Oleh : Prof Fahmi Amhar
Sesungguhnya tidak ada orang maupun kaum, yang mengalami perubahan nasib tanpa mereka mengubah dulu “differensiasi”-nya atau membuat perbedaan dalam dirinya dengan masa lalu atau dengan orang lain.

Allah menciptakan manusia dengan berbagai perbedaan.  Perbedaan fisik, tempat lahir, latar belakang sosial, pendidikan dan sebagainya, itu qadha (kehendak Allah, di luar kekuasaan manusia).  Jadi ini perbedaan yang tidak akan diminta pertanggungjawaban, jadi juga tidak perlu dipersoalkan.  Perbedaan ini justru memudahkan manusia saling mengenal.  Coba bayangkan kalau semuanya seragam?  Kalau semua perempuan sama wajah dan pakaiannya, tentunya banyak suami yang kesulitan menemukan kembali yang mana istrinya.

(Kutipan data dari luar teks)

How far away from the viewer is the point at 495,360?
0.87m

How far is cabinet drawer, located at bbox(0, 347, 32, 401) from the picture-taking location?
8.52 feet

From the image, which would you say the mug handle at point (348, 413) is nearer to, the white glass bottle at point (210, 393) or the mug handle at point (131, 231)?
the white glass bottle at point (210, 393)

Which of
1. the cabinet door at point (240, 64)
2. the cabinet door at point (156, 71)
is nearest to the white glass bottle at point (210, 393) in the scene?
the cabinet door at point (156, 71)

Namun ada perbedaan yang justru harus kita ciptakan, kalau kita ingin berubah.  Ada dua perbedaan atau diferensiasi yang bisa kita lakukan:

Pertama, perbedaan dengan dirinya sendiri di masa lalu.  Tentunya perbedaan yang sifatnya mubah.  Syukur-syukur malah yang sunnah atau wajib.  Kalau dulu dia jarang berolahraga, sekarang bikin perbedaan dengan rajin olahraga tiap pagi, meskipun cuma senam atau jogging keliling RT 10 menit.  Kalau dulu tak pernah pakai baju putih dan peci haji, apa salahnya sekarang pakai baju putih dan peci haji.  Bagi yang belum berhaji, barangkali itu washilah untuk dimudahkan Allah jalan ke tanah suci.  Atau juga washilah untuk jadi berhati-hati dalam berbuat.  Ada sobat yang tinggal di Eropa, biasa beli daging di sebuah kios yang dijaga orang Turki.  Ketika suatu hari dia datang dengan kostum putih dan peci haji, tiba-tiba penjaga warungnya bilang, “Pak Haji, ini daging yang dijual di kios ini tidak halal.  Yang nyembelih orang kafir.  Saya mah cuma jaga warung saja …”.

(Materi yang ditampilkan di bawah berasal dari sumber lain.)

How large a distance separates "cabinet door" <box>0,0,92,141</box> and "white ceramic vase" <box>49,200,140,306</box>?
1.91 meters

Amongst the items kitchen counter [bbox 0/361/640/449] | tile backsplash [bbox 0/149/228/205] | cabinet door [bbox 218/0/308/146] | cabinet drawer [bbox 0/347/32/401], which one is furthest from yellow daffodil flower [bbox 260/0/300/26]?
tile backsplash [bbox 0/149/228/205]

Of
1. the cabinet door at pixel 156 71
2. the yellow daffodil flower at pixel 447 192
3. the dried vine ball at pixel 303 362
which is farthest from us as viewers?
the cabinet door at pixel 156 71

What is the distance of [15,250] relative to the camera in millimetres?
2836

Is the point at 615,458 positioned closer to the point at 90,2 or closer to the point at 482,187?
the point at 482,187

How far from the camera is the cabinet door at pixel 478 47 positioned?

Untuk amal yang sifatnya wajib, yang selama ini belum kita kerjakan, atau belum kita kerjakan dengan serius, apa salahnya sekarang kita buat perbedaan.  Mungkin selama ini kita masih takut-takut minta break untuk sholat sewaktu rapat di kantor sedang panas-panasnya.  Atau mungkin selama ini kita terlibat dakwah hanya untuk selingan waktu luang saja.  Cobalah sekarang kita buat perbedaan.  Kita menjadi orang pertama yang mengingatkan pemimpin rapat agar break 15 menit untuk sholat.  Atau kita menjadi orang yang berada di depan dalam soal dakwah, dan dakwah menjadi poros hidup kita.

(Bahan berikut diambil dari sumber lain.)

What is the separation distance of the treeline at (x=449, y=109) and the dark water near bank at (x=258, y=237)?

Kedua, perbedaan dengan orang lain.  Allah memerintahkan kita berlomba dalam kebaikan.  Boleh saja kita menjadikan orang lain acuan untuk memacu prestasi.  Orang lain rajin sholat berjama’ah, kita juga berusaha minimal serajin dia.  Tetapi mari kita membuat perbedaan.  Coba kita yang adzan!  Kalau ada seratus orang yang sholat berjama’ah, pasti yang adzan cuma satu!  Ini membuat perbedaan.  Kalau di kelas orang berlomba hanya untuk nilai akademis, sedangkan kita tahu banyak teman kita yang jauh lebih cerdas dari kita, cobalah kita membuat perbedaan dengan prestasi yang unik, yang tidak banyak orang mengejarnya, misalnya: kecil-kecil tulisannya biasa dimuat di media, atau kecil-kecil sudah jadi pengusaha, atau kecil-kecil sudah hafal Quran surat Al-Baqarah & Ali Imran.  Rasulullah pun dalam memilih komandan pasukan sering mencari yang beda dari para sahabatnya.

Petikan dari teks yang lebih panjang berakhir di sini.